İş cinayetlerinde yaşamını yitiren işçilerin adalet mücadelesi yürüten aileleri, 34'üncü Vicdan ve Adalet Nöbeti'nde buluştu. Aileler "“Türkiye'de iş cinayetleri son bulsun diye elimizden gelen mücadeleyi sürdürüyoruz ancak yalnızız.
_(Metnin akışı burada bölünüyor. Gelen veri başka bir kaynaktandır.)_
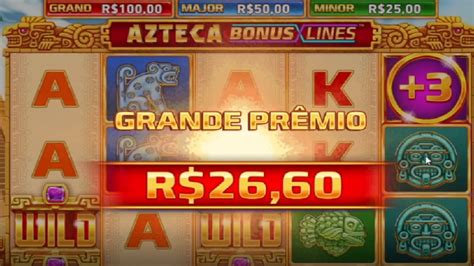 Azteca Bonus Lines Betano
Beraber olursak başarabiliriz” dedi

Adalet arayan işçi aileleri: Bizi yalnız bırakmayın

İş cinayetlerinde yaşamını yitiren işçilerin adalet arayan aileleri bugün 34'üncü kez İstanbul Galatasaray Lisesi önünde bir araya geldi. İş cinayetlerinin tüm sorumlularının yargılanması ve bu cinayetlerin önüne geçilmesi için yıllardır sokaklarda, meydanlarda, adliye önlerinde mücadele veren aileler, bir kez daha tüm duyarlı insanlara 'Yanımızda olun' çağrısında bulundu.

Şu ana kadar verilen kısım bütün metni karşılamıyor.